Most scientists think that these extinction events were due to loss of oxygen from the oceans, but the severity of oxygen loss can be hard to decipher in the rock record. The tools we typically use to recognize oxygen loss in marine environments (trace fossils, microfossils, sediment type, and chemical signatures) were developed for rock types where oxygen loss is both easy to preserve and to recognize.

But do these tools also work in places where oxygen loss is not as easy to preserve or recognize in the rock record? This project seeks to determine if the most commonly used methods for determining ancient ocean oxygen levels work across all marine environments, or only a subset of them. Through this process, the investigators will develop a comprehensive set of best practices for assessing oxygen loss in marine sediments (regardless of geologic setting), which in turn will help fine-tune the causes of the Late Devonian extinction pulses.

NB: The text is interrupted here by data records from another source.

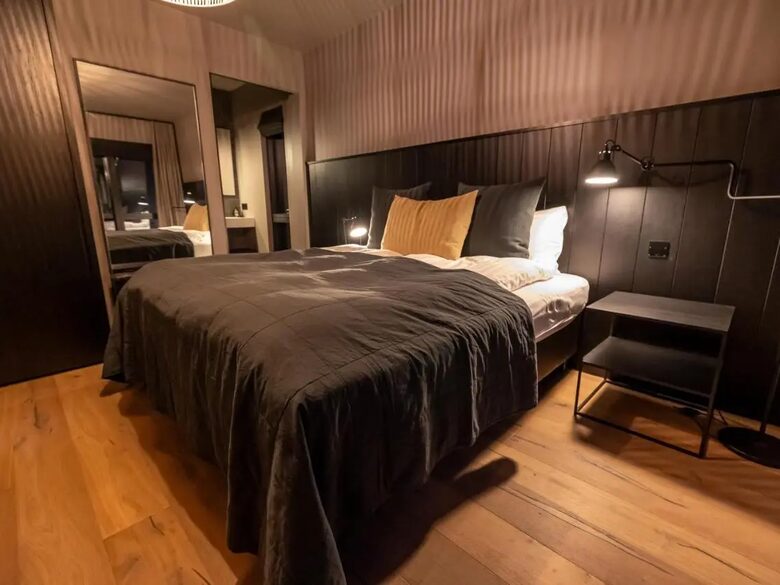 A Sophisticated Coastal Sanctuary with Panoramic Sea Vistas - Akureyri, Iceland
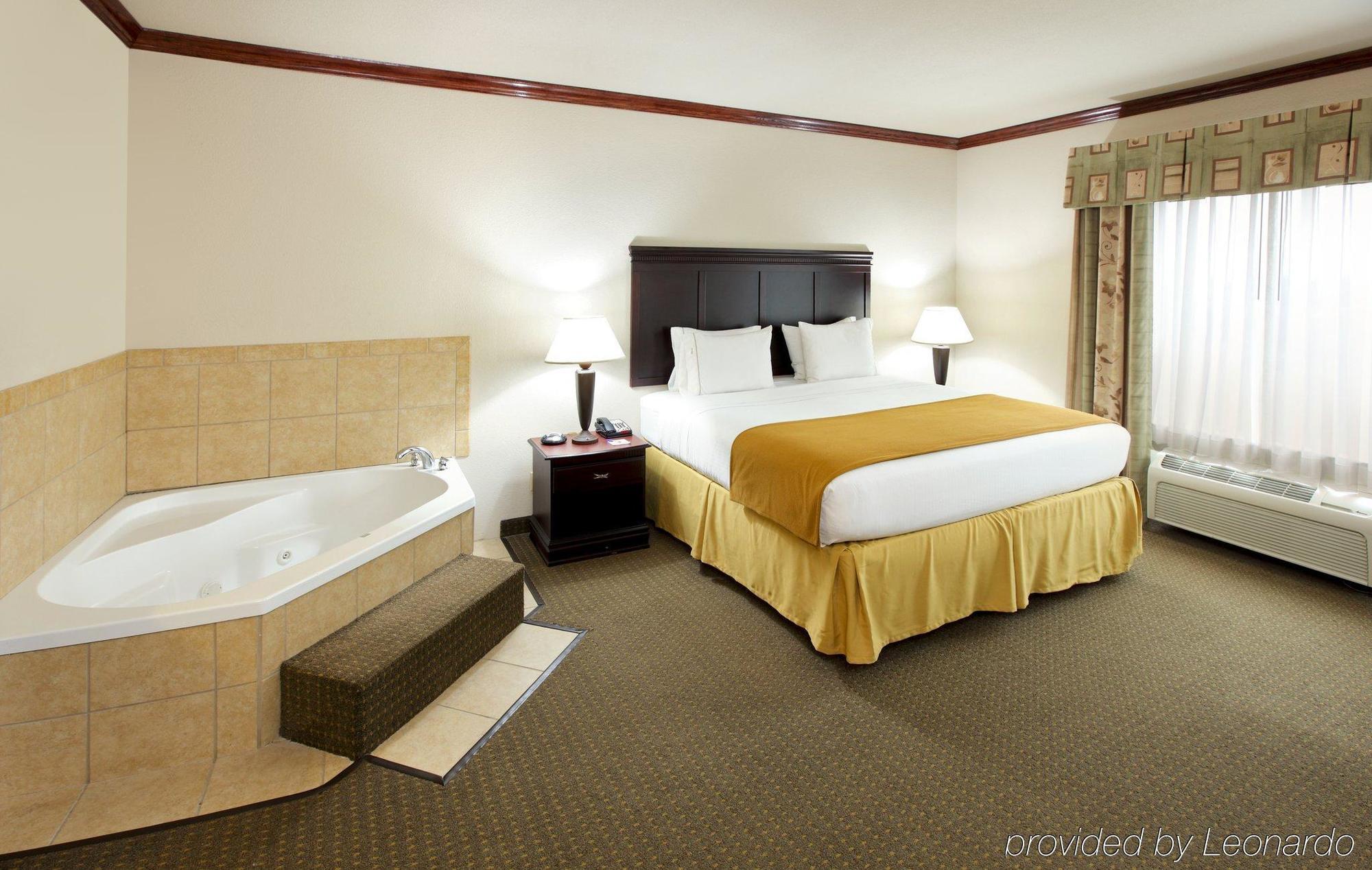 Holiday Inn Express Hotel & Suites Sherman Highway 75 By Ihg Стая снимка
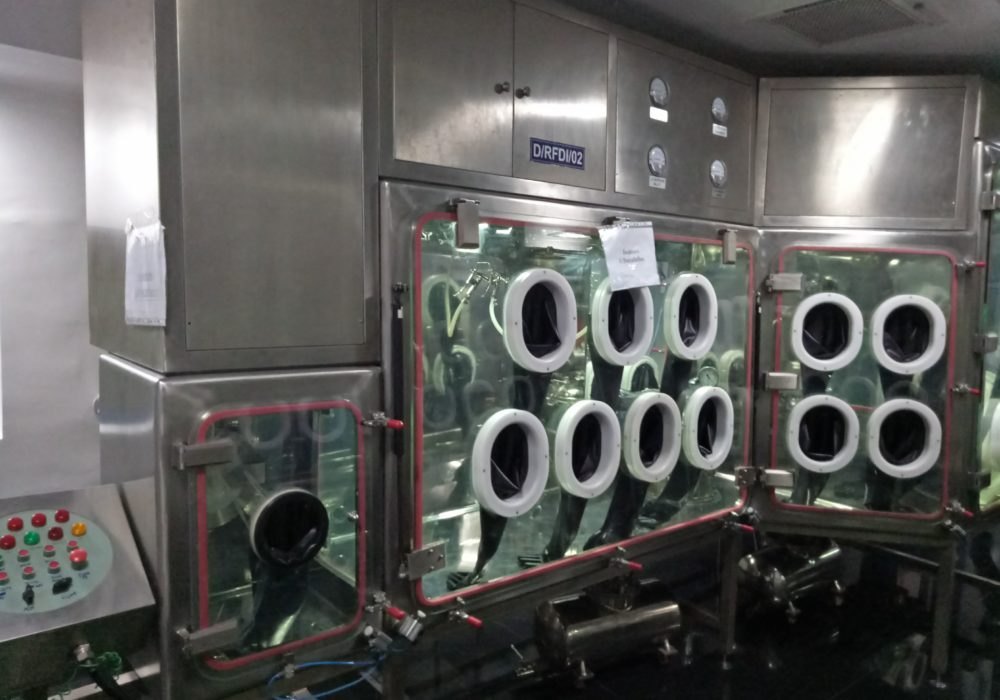 Three Phase Stainless Steel Isolator, For Pharma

This project will involve faculty and undergraduate researchers across three undergraduate institutions and will create online learning modules (primarily videos with accompanying data sets and teacher training materials) aligned with Next Generation Science Standards for both in-person and remote learning for grades 6-12. This online dissemination model (called “CSI: Devonian”) not only expands the geographic reach of this project, but can be used in flipped classroom teaching environments, homeschooling, and periods of remote learning.

Late Devonian extinction events at the 372 Ma Frasnian-Famennian (F-F) boundary and 359 Ma Devonian-Carboniferous (D-C) boundary are some of the most severe mass extinctions in Earth's history. Despite >150 studies of ocean anoxia across the Kellwasser Events and Hangenberg Black Shale Event using a variety of geochemical and trace fossil proxies, Late Devonian ocean anoxia is still a mystery and considerable sample bias, both in terms of paleogeography and paleoenvironment, hinders this work.

We seek funding to form an internally consistent dataset for rocks that span disparate paleoenvironments and paleogeographic locations, in order to both calibrate and validate the utility of the most commonly used ocean anoxia proxies. We propose to develop a comprehensive set of best practices for evaluating oxygen loss in ancient marine environments using the same anoxia proxy methodology (total organic carbon, organic walled microfossils, δ34SPY, δ34SCAS, δ13Ccarb, δ13Corg, trace element geochemistry, pyrite framboid distributions, and ichnofabrics) across a variety of sites and existing sample sets so that proxy utility can be assessed in different paleoenvironments and sedimentary regimes.

The sample range will include baseline pre-anoxic conditions, anoxic conditions, and post-anoxic/extinction rebound conditions. In addition to determining the best practices for proxy application (regardless of time period, anoxic event, or depositional environment), our resulting dataset will help inform reconstructions of Late Devonian ocean currents, climate, tectonics, ecosystems, and extinctions.

The proposed research is a cooperative effort by three universities involving multiple international and domestic collaborators and focuses heavily on undergraduate training and mentorship. The proposal also seeks to develop an interactive “CSI: Devonian” online learning module geared towards students in grades 6-12 that is aligned with the Next Generation Science Standards (NGSS), which focuses on how scientists a) collaborate on research in real life and b) use empirical evidence to derive scientific explanations of different phenomena.

This award reflects NSF's statutory mission and has been deemed worthy of support through evaluation using the Foundation's intellectual merit and broader impacts review criteria.